> **The records**
______________________________

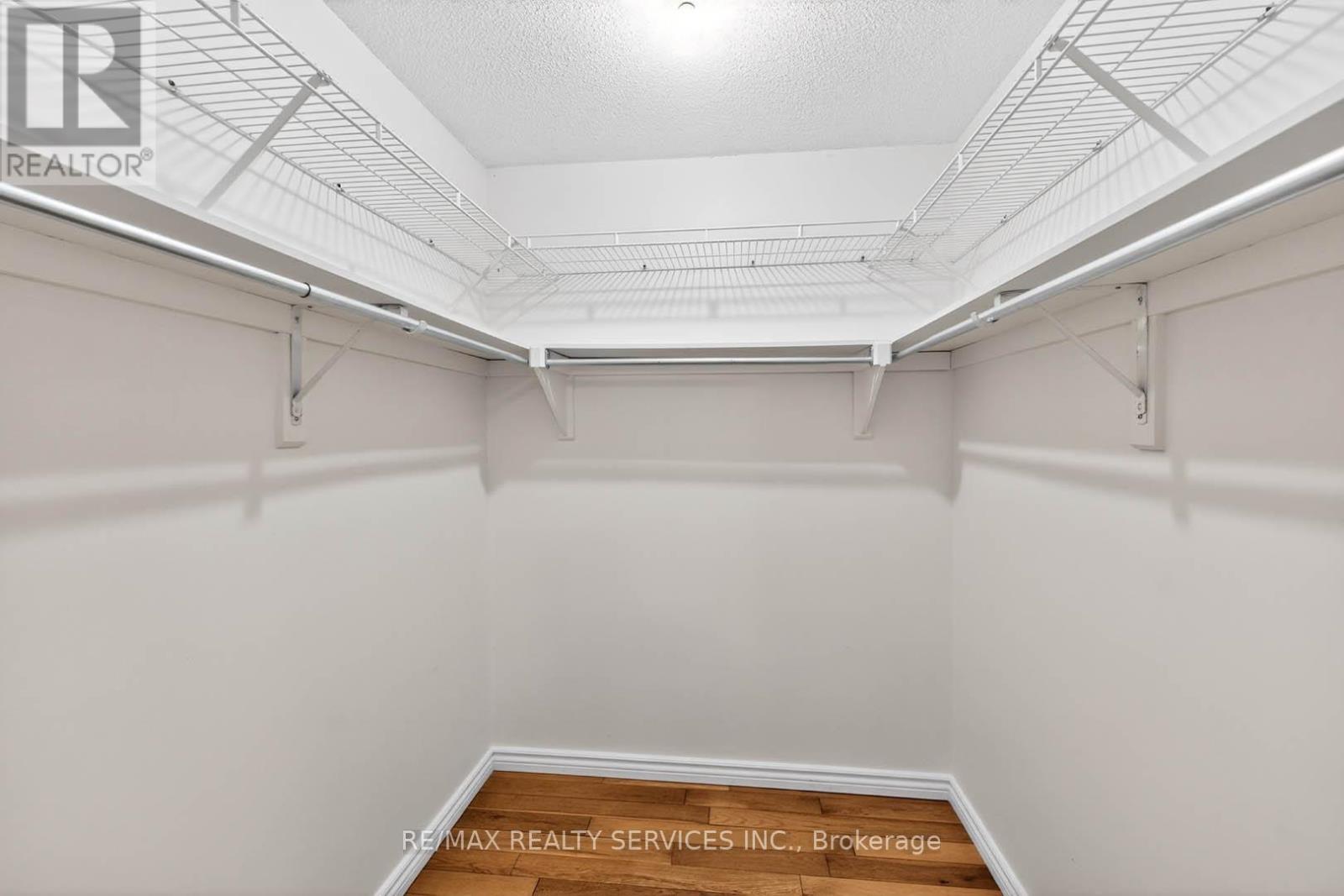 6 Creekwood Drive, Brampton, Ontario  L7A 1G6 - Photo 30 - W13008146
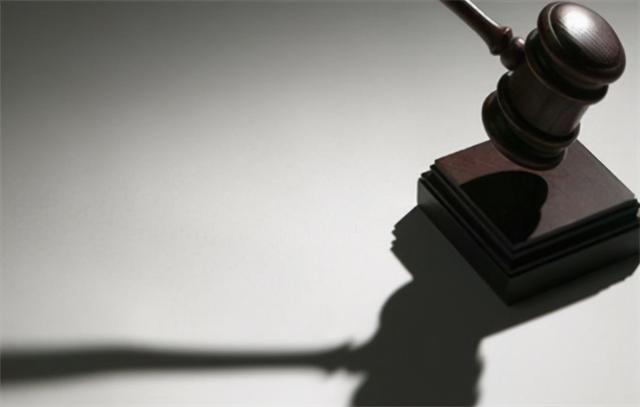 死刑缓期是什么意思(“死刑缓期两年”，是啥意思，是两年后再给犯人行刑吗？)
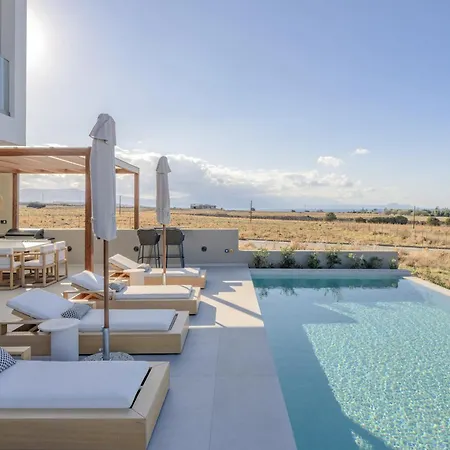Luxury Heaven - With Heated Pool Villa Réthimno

______________________________

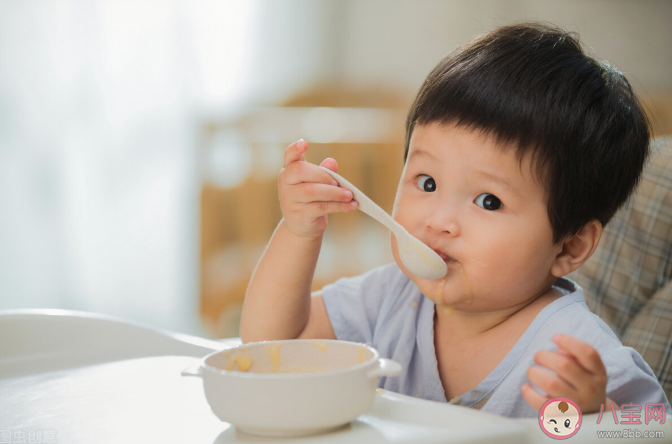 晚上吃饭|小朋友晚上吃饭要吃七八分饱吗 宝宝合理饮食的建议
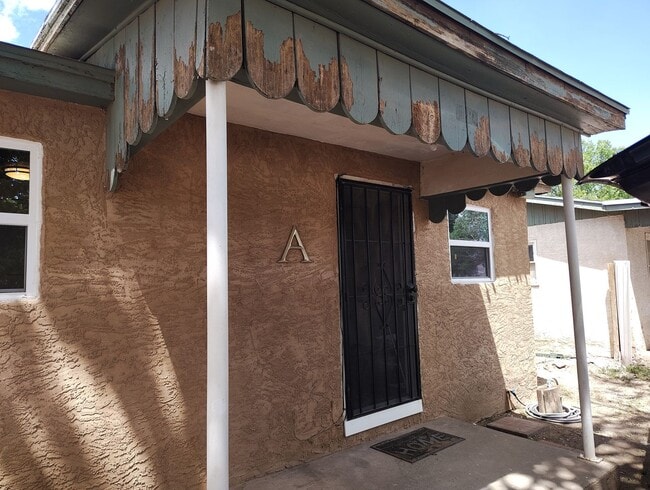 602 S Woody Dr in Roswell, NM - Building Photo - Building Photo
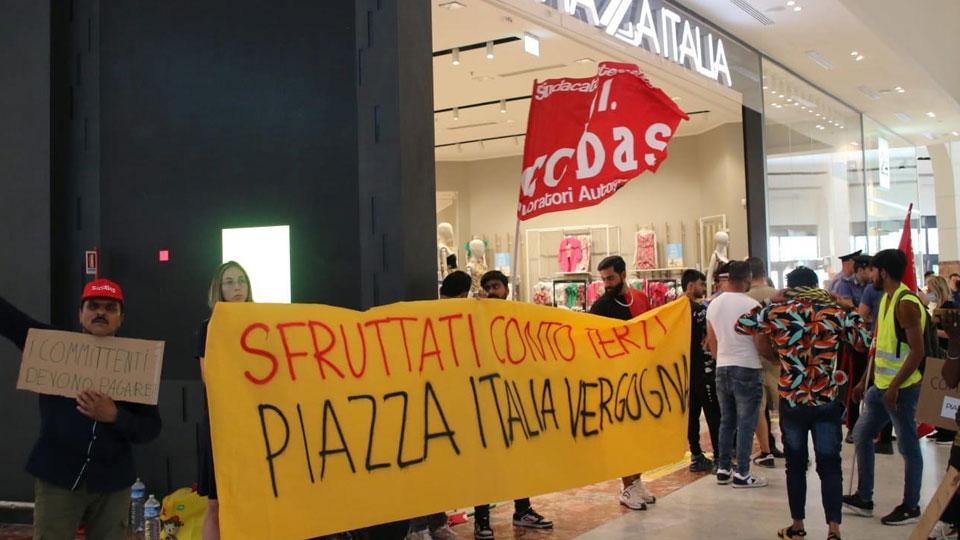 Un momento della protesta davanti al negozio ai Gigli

______________________________

> **What you will do**
Starting at the line containing "6 Creekwood Drive, Brampton, Ontario" and stopping at the line containing "Luxury Heaven - With", output every line above exactly, both ends included, with pictures omitted.

> **Result of the task**
 6 Creekwood Drive, Brampton, Ontario  L7A 1G6 - Photo 30 - W13008146
 死刑缓期是什么意思(“死刑缓期两年”，是啥意思，是两年后再给犯人行刑吗？)
Luxury Heaven - With Heated Pool Villa Réthimno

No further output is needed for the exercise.